7. LIEN. All sums paid on account of this Agreement and the reasonable expenses as set forth in Paragraph6 or 11 hereof are hereby made liens on the Premises, but such liens shall not continue after default by the BUYER under this Agreement.
8. CONDITION OF PREMISES [THIS AGREEMENT IS NOT SUBJECT TO ANY INSPECTION CONTINGENCIES]. The BUYER agrees that he has inspected said Premises, is satisfied with the physical condition thereof and agrees to accept at closing the Premises in their present condition, subject to the provisions of Paragraph 11 hereof. SELLER represents that all appliances and systems on the Premises (including the furnace, heating and air conditioning systems and any appliances included in the sale) are in working order and will be in the same condition at the time of closing as they are on the date of this Agreement. Neither SELLER nor SELLER's agents have made any representations or warranties as to said Premises on which BUYER has relied other than as expressly set forth in this Agreement. The SELLER agrees that the condition of the Premises shall be the same on the date of closing of title as of the date hereof, subject to the provisions of Paragraph11 hereof.
9. BROKER(S). The parties hereto agree ______and ______are the broker(s) who negotiated the sale of the Premises, and the SELLER agrees to pay the commission for such services pursuant to separate agreement. This Agreement is consummated by the SELLER in reliance on the representation of the BUYER that no other broker or agent brought the Premises to the BUYER's attention or was, in any way, a procuring cause of this sale and purchase. The SELLER represents to the BUYER that no other broker or agent has any exclusive sale or exclusive agency listing on the Premises. The parties hereto (jointly and severally, if more than one) hereby agrees to indemnify and hold each other harmless against any liability by reason of the claim of any other broker or agent for a commission on account of this sale, provided that it is adjudged by a court of competent jurisdiction that a commission is due by reason of such other broker or agent being the procuring cause of this sale, said indemnity to include all costs of defending any such claim, including reasonable attorney's fees. In the event of any such claim, the party having notice of such claim shall promptly notify the party without notice of same who shall have the right, but not the obligation, to assume the defense of such claim. The provisions of this paragraph shall survive the closing.
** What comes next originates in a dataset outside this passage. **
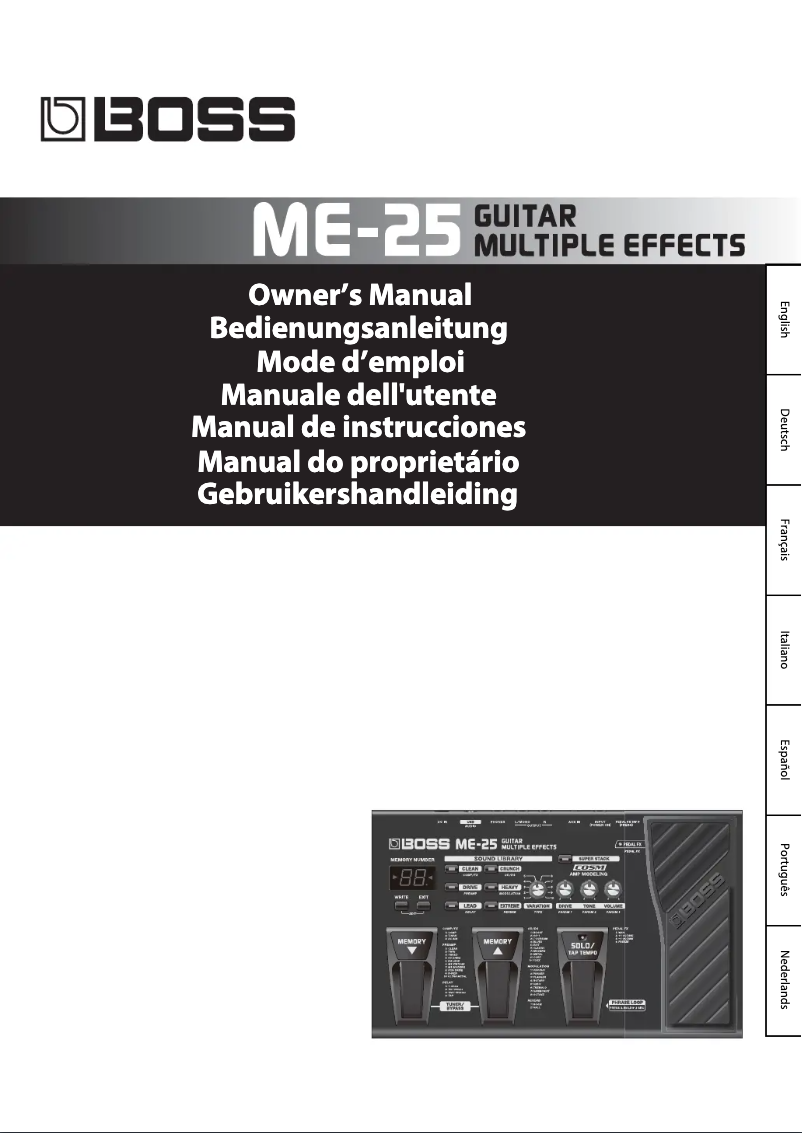 Page n°1 - Manuel utilisateur Boss ME-25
10. APPORTIONMENT. Real estate taxes, fire district taxes, sewer taxes, sewer assessments and sewer use charges or other municipal assessments, water charges, rents, service contracts, dues and ordinary assessments of private associations, and common charges, if any, together with interest thereon, if any, shall be apportioned over the fiscal period for which levied. BUYER shall reimburse SELLER at closing for any fuel remaining on the Premises at then market rates. All adjustments shall be apportioned in accordance with the custom of the Bar Association of the community where the Premises are located based upon a 365 day year and the actual number of days in the month in which the closing occurs. Condominium special assessments due and payable prior to closing shall be SELLER's responsibility. Any errors or omissions in computing apportionment or other adjustments at closing shall be corrected within a reasonable time following the closing, not to exceed six (6) months.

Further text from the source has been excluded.